Glassenberg, for his part, said he also foresaw strong synergies in joining Relevate.
“Our vision as a company is that games are just accepted as a fundamental force accelerating the adoption of new therapeutics,” he said. “In order to do that, we really need to be part of a company that is focused on the life sciences as customers.”
Level Ex, whose clients include 20 out of the top 40 life science firms, works with pharma brands to enhance HCPs’ experience with various peer-to-peer programs. Product theaters and dinner meetings, though, aren’t always known for their entertainment value.
“These are places and spaces where getting 180 slides presented to you is not a great experience,” quipped Pantello. “That’s currently the way a lot of medical education and pharmaceutical promotion is done. Physicians are people, too, and they want to have a great experience.”
To that end, many production houses create mechanism-of-action (MOA) videos and molecular animations. Level Ex’s technology takes it a step further, enabling people to interact with such content through play.
Before founding Level Ex in 2015, Glassenberg worked at LucasArts and led Microsoft’s advanced graphics team. His games have multiple skill levels and enable users to unlock new equipment as they progress through challenges.
Like Angry Birds or Call of Duty, they balance feelings of reward and frustration, leading to the release of the neurochemical dopamine as well as maximizing learning and behavior change, Glassenberg said.
Indeed, the companies say these experiences can lead to more meaningful engagement and real behavior change on the part of clinicians.
“On average we’re seeing HCPs engage with the Level Ex content anywhere between four and 19 minutes,” reported Pantello. “And script lift ranges from 15% to 34%.”
Sitting through a speaker program that allows clinicians to compete and collaborate with colleagues on their phones to diagnose and treat virtual patients, versus one that’s not gamified, “feels like the nineties,” joked Glassenberg. “What we’re here to do is raise the bar and raise expectations for HCPs.”
He continued, “With new treatments, with clinical study data, the best way to learn is to play with it. You’re not going to do that on patients…I let you play with the data, with different diagnostic scenarios.”
Traditional mass promotion to HCPs “is just no longer effective,” echoed Pantello.
“We can help pharma brands be more relevant with every single HCP interaction,” he said. “That comes with the use of data, the application of omnichannel. Now, it comes with the innovative educational experience from the leading medical video game studio.”

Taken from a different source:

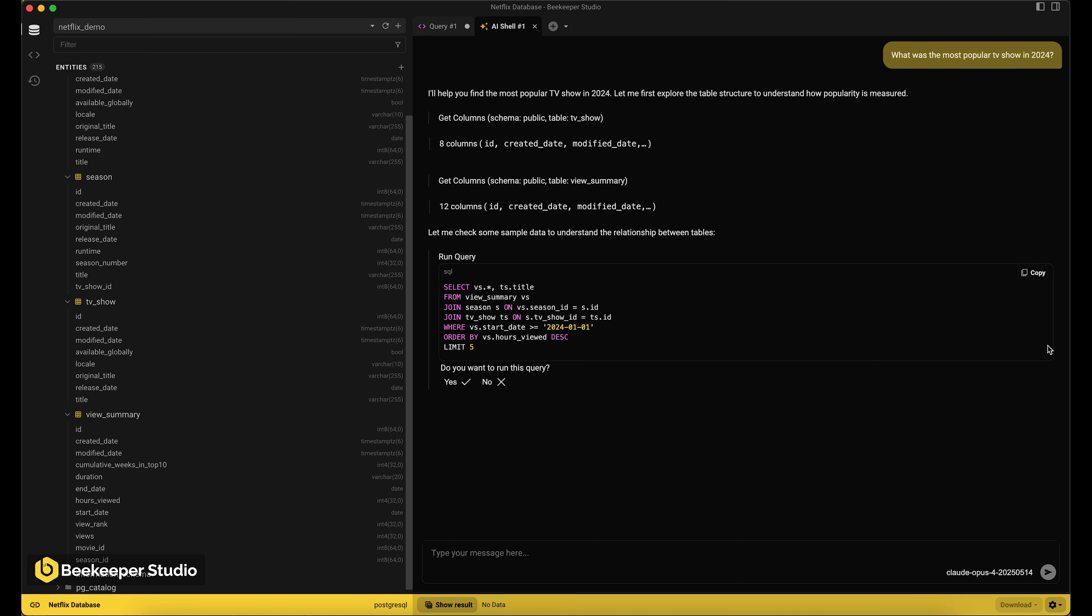However, once we do have a query result, Beekeeper Studio sends that to the LLM to give it more context to decide how to help next.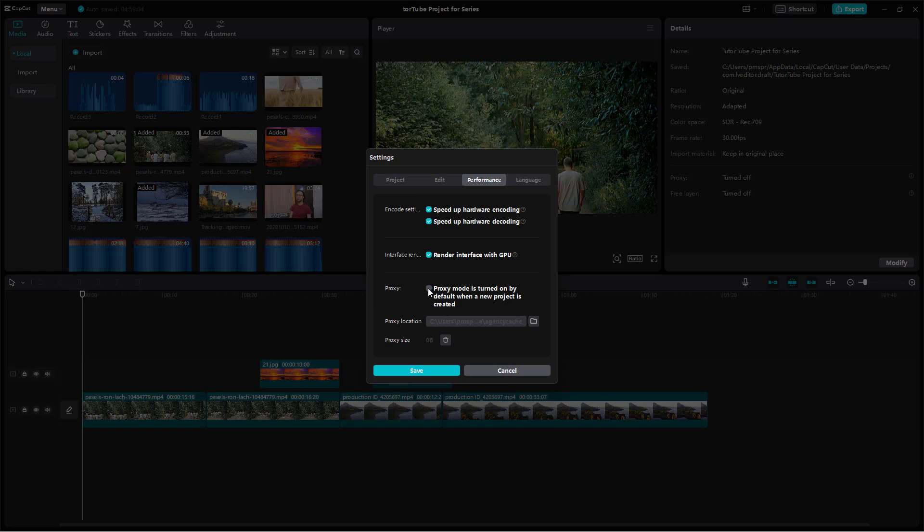Apart from that, you can work with proxy, which are temporary footage that is more optimized for editing. You can turn this on to speed up your workflow as well.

Among other Level Ex execs joining Relevate are Matt Baggett, SVP/head of pharma sales, and the rest of its management team on the pharma side of the business.
The purchase marks Relevate’s fourth acquisition behind PE backer Mountaingate Capital, following Arteric in 2020, Axon Communications in 2021 and ConneXion360 in 2022.
Relevate’s 2023 revenue grew nearly 20% to $76.6 million, from $64.0 million in 2022, according to MM+M’s June Agency 100 report.